*** The data ***

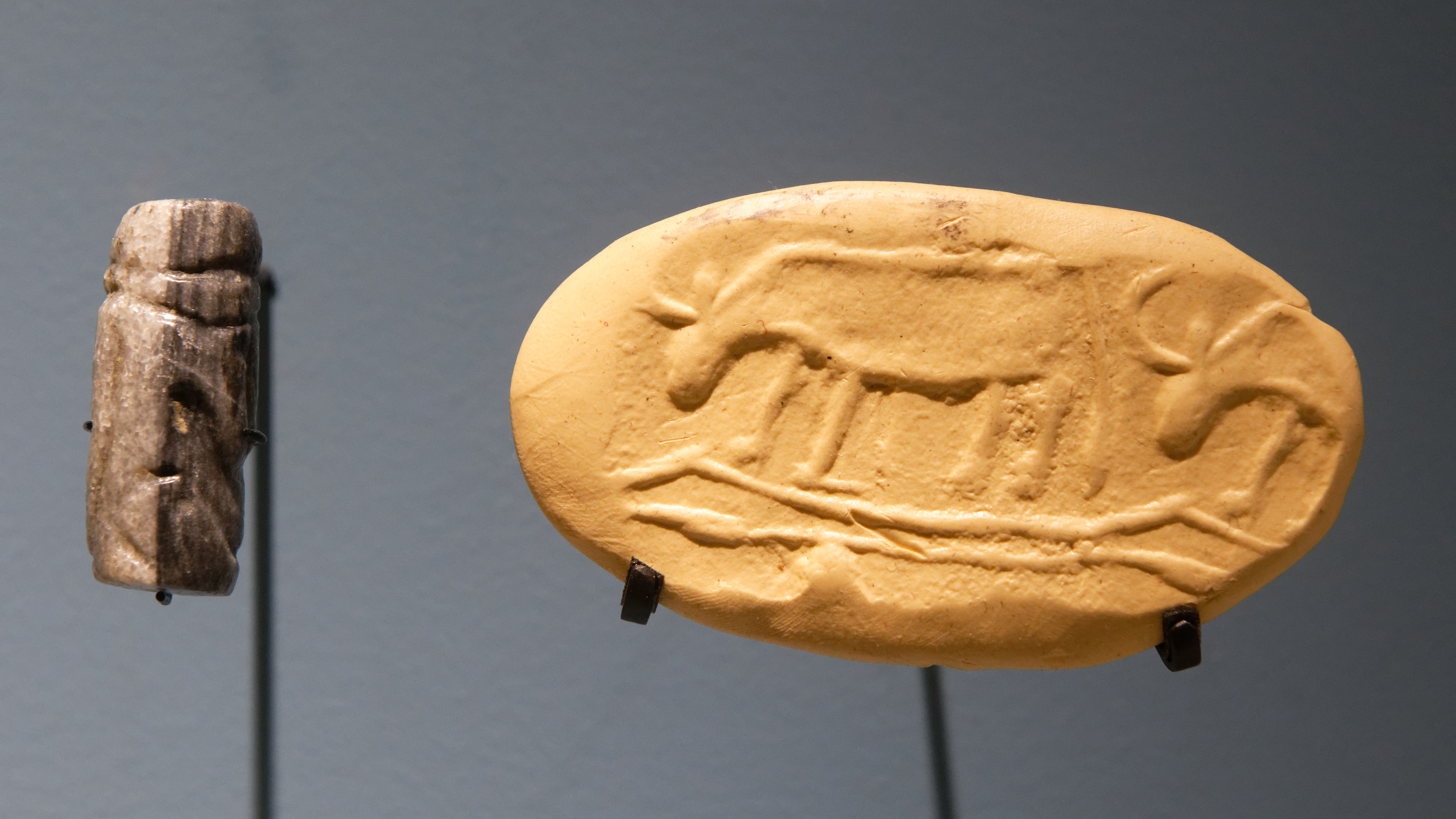 FileCylinder_seal_cow_MNAT_SZM211.jpg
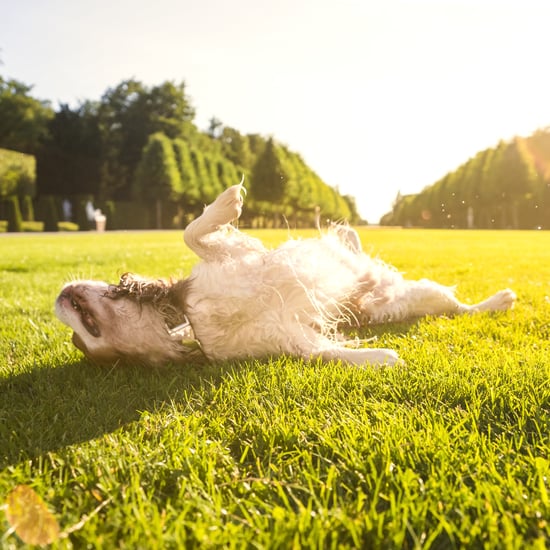 Why Does My Dog Lay in the Sun?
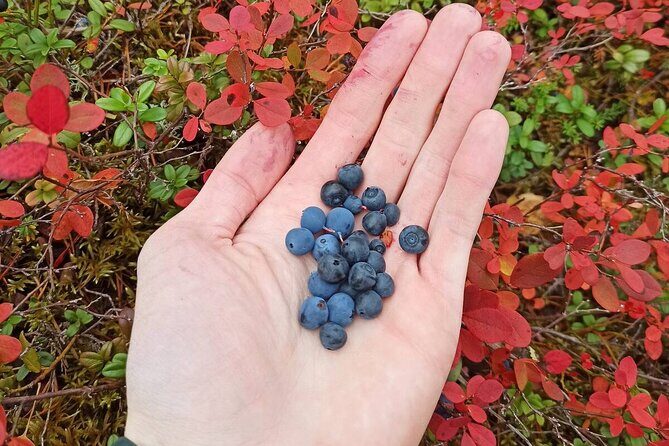 Wild Forest Berries and Mushrooms Picking Tour - FAQs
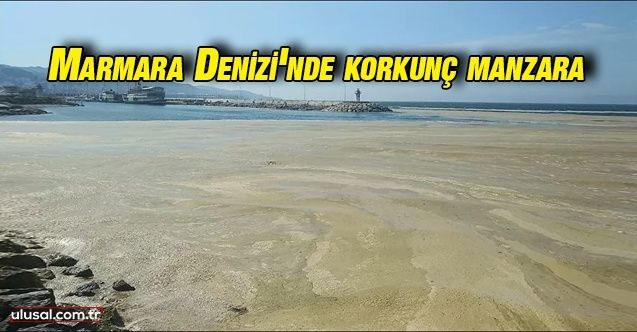 Marmara Denizi'nde salya kirliliği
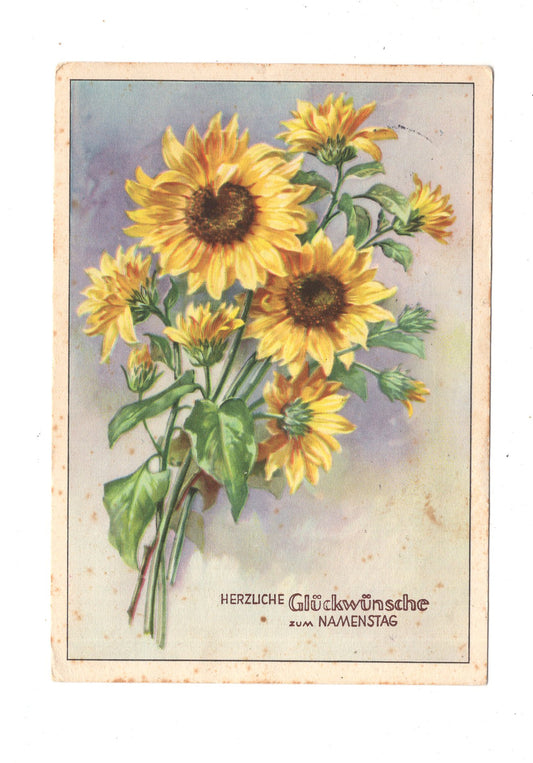 Ansichtskarte Glückwünsche / Glückwunsch zum Namenstag / L1-63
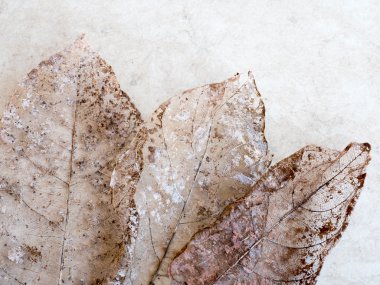 Kuru yaprakları detay doku, odağı seçin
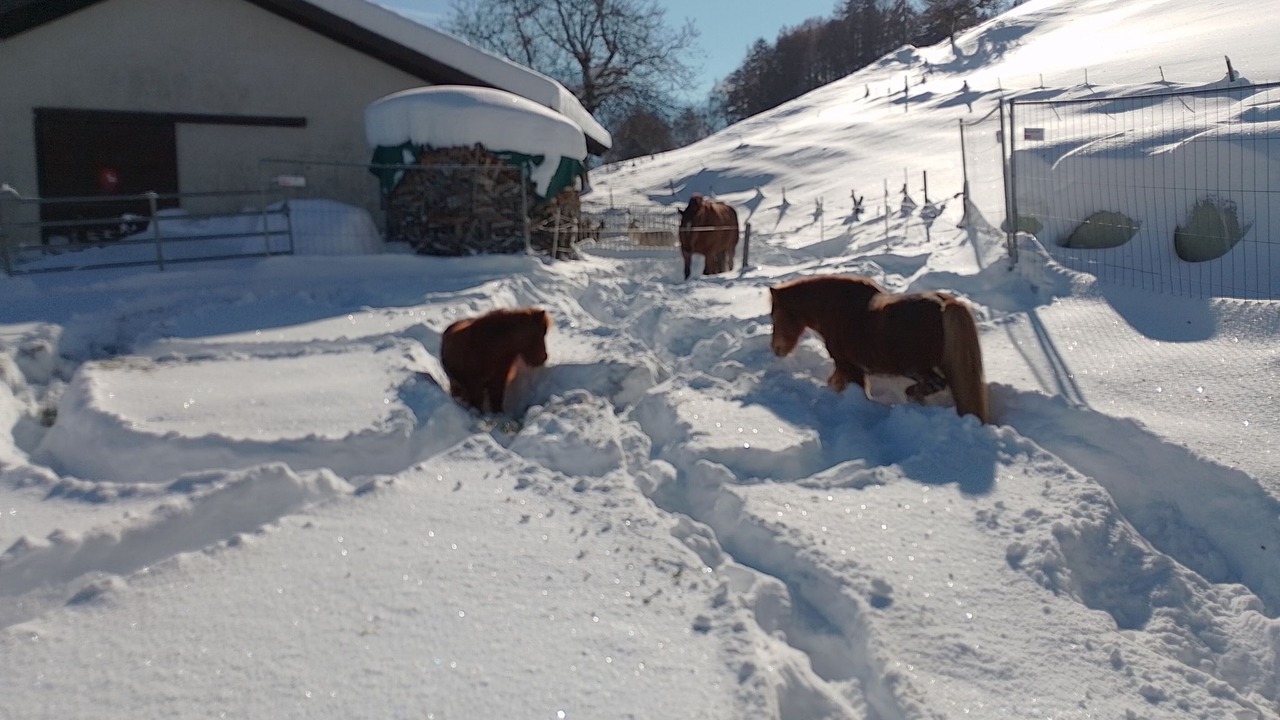Photo of Others in Praz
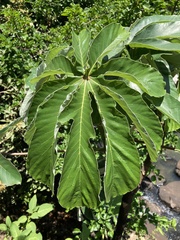 Cecropia pachystachya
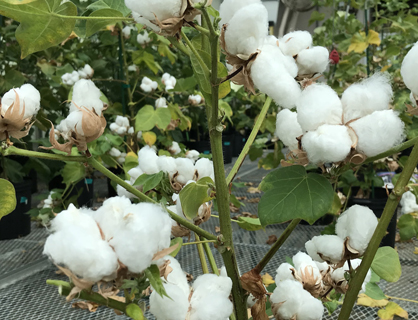 What Is Cotton and Where Does It Comes From?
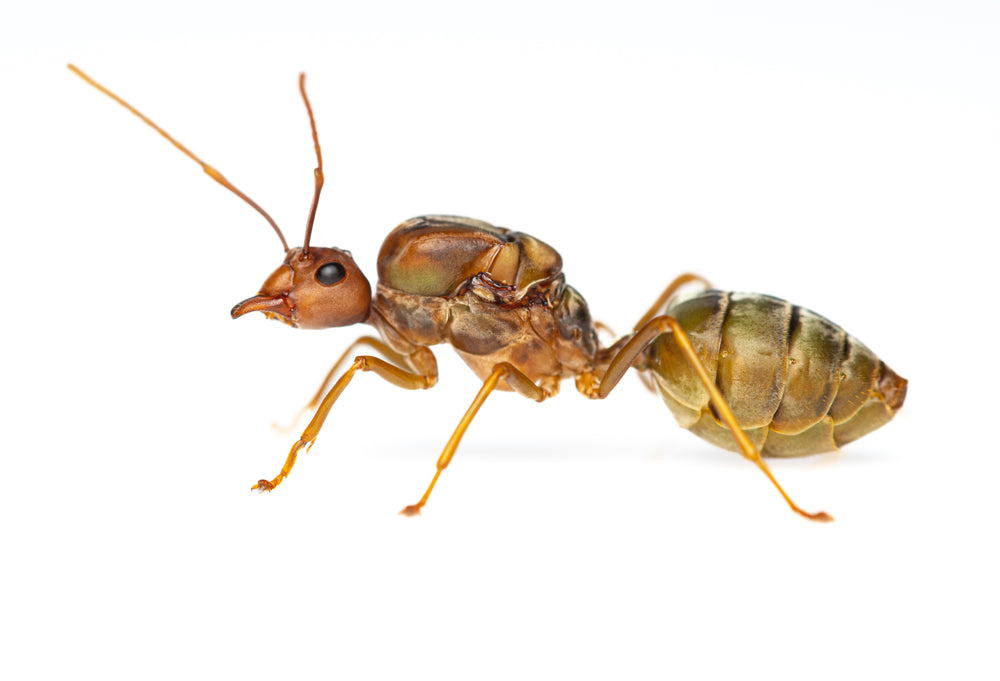 Oecophylla longinoda (African Weaver Ant)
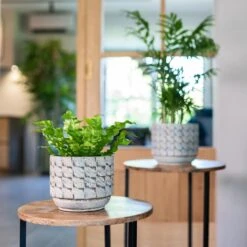 Jim Plant Pot - Shell 30 Jim Plant Pot - Shell -Plant Promotion Store Jim Shell 3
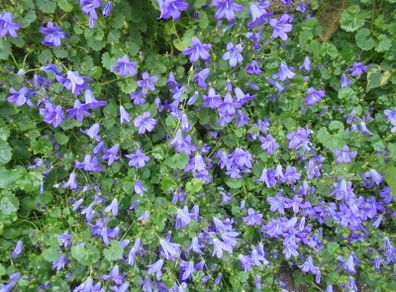 Campanula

*** End of The data ***

### Description of the task
Every line from the one containing "Wild Forest Berries" to the final line of the records should be duplicated exactly; no picture is to be copied.

### Result for this task
 Wild Forest Berries and Mushrooms Picking Tour - FAQs
 Marmara Denizi'nde salya kirliliği
 Ansichtskarte Glückwünsche / Glückwunsch zum Namenstag / L1-63
 Kuru yaprakları detay doku, odağı seçin
Photo of Others in Praz
 Cecropia pachystachya
 What Is Cotton and Where Does It Comes From?
 Oecophylla longinoda (African Weaver Ant)
 Jim Plant Pot - Shell 30 Jim Plant Pot - Shell -Plant Promotion Store Jim Shell 3
 Campanula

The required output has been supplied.